Create a standardize HSC dataset of mutliband galaxy cutouts

EiffL commented 5 years ago

I'm opening this PR to hopefully merge into G2G a version of the dataset that Kate has been working with ( https://github.com/kstoreyf/anomalies-GAN-HSC ). But I aslo understand that Connor is using HSC data as well, maybe also Dezso.

What we need is:

[x] All the scripts to regenerate the dataset
[ ] Agree on a default set of cuts that would make this sample most useful to a maximum number of people
[ ] Produce an archive of the dataset
[ ] Publish it on Zenodo
[ ] Implement the corresponding data_generator for galaxy2galaxy

We can use this thread to discuss this question

EiffL commented 5 years ago

I'm going to transcribe here some of the feedback provided by @kstoreyf : It would be more interesting to have a brighter sample, but a broader one might be more widely applicable (and larger). the data volume will get big quickly; might think about also having a smaller set, like how people can download mnist & cifar-size datasets on their laptops. we probably couldn't have "labels" for everything, but could link to a catalog with all of the metadata. if we make a cut like i did, we will end up with a lot of junk, so need to think about having a messy sample vs a cleaner, possibly biased sample with more aggressive cuts - even with these, would be hard to eliminate all junk. finally, depending on the sample we decide on, it could take a while to download the data via the public streams - wonder if hsc would help us out (just to get the public data faster).

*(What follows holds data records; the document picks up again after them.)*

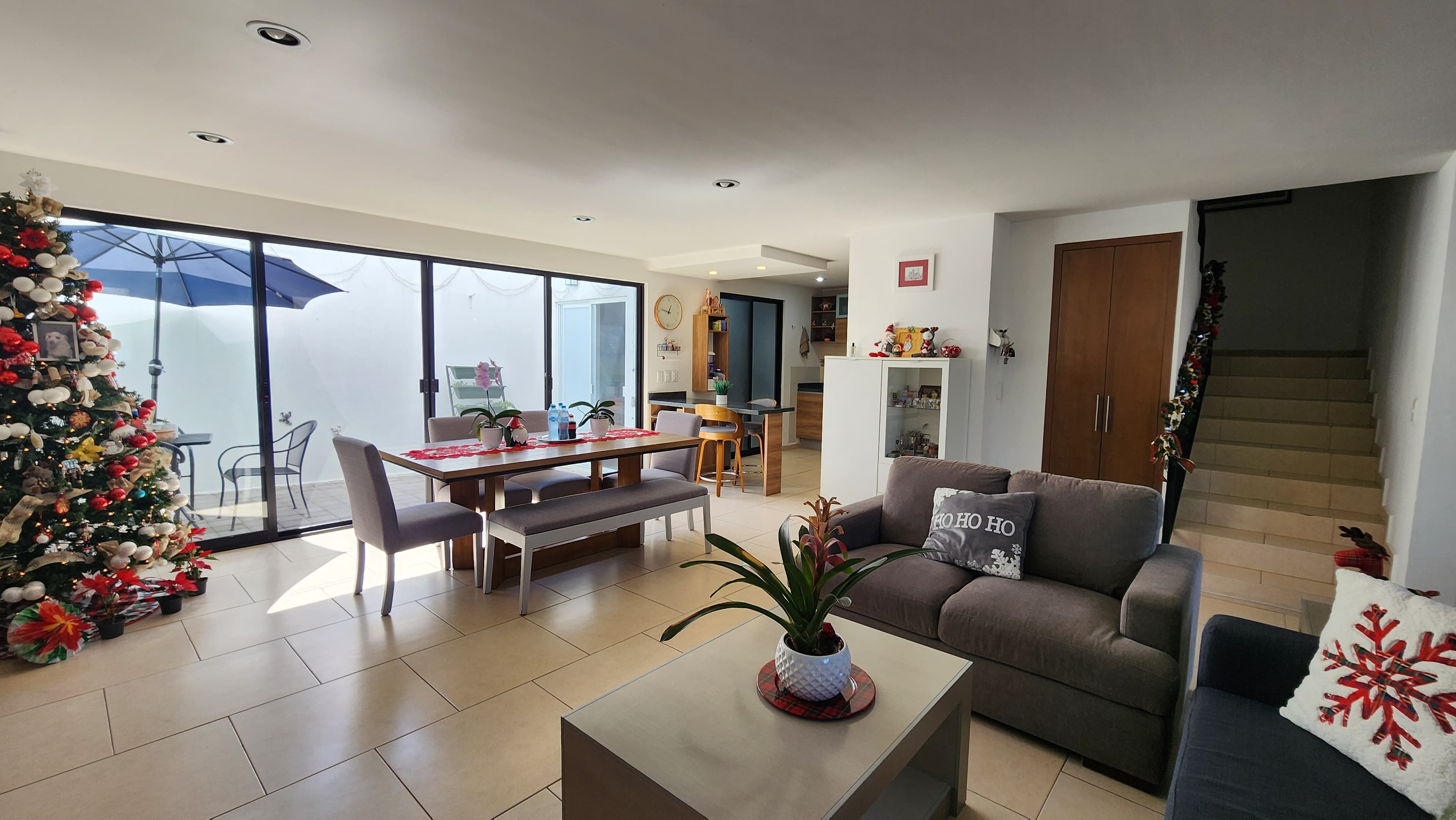 Casa en Venta en Lucepolis, Milenio III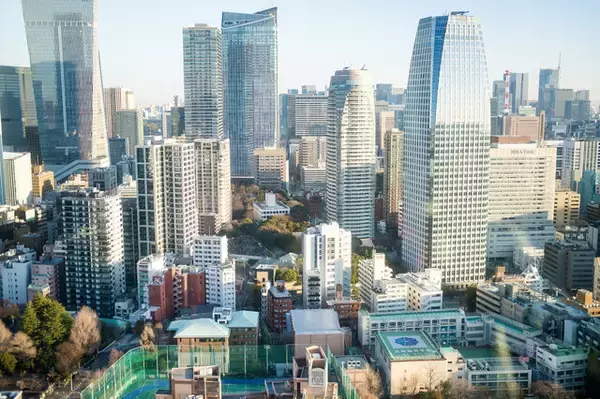 「【コスプレ】ゲームから飛び出したような絶世の美女たちが降臨！東京タワーにて開催中の『原神』スペシャルイベントが見応え抜群だった【写真41枚】」の画像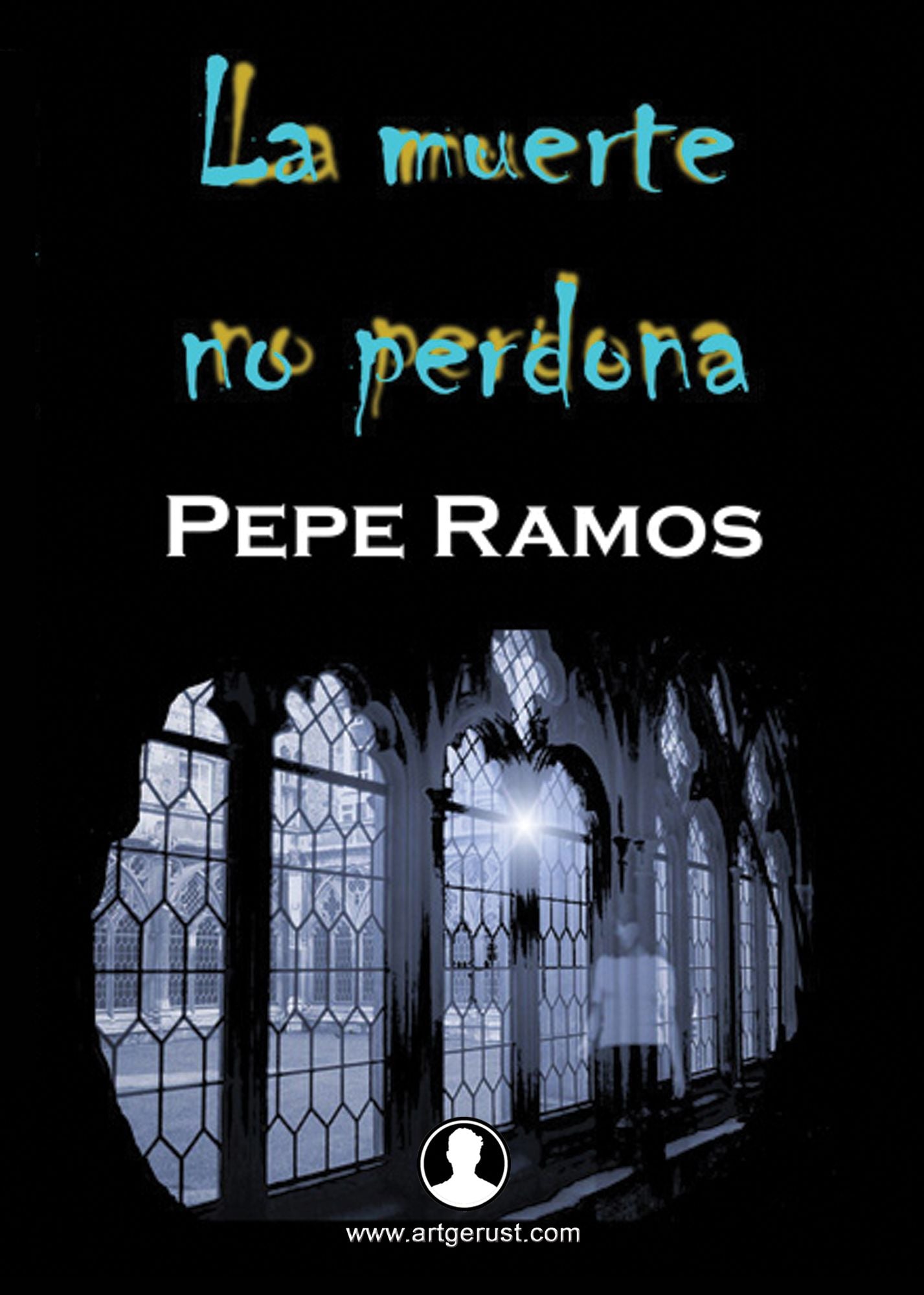 La muerte no perdona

To address the question of the data volume, regenerating all the data from the HSC cutout server is of course a slow process. But we can aim for a dataset of a given maximum size, maybe ~20-30GB at most, that we can host on Zenodo, and it's still reasonable in size. To limit the total size to within this constraint, we can just randomly subsample.
Concerning the sample, one thing that I did a couple of years ago was to extract postage stamps corresponding to galaxies with specz redshifts in the HSC data, you can use that to train a flux+morph photo-z estimator ;-)

EiffL commented 5 years ago

@mhuertascompany thoughts on interesting sample selection criteria ?

EiffL commented 5 years ago

It has taken a while, but preliminary code is finally there on master that can be used to generate a multiband HSC dataset. The way it works is essentially just providing a .sql file, then the code will download that catalog, and query all the corresponding cutouts, before aggregating them into a tfrecord dataset for super easy use.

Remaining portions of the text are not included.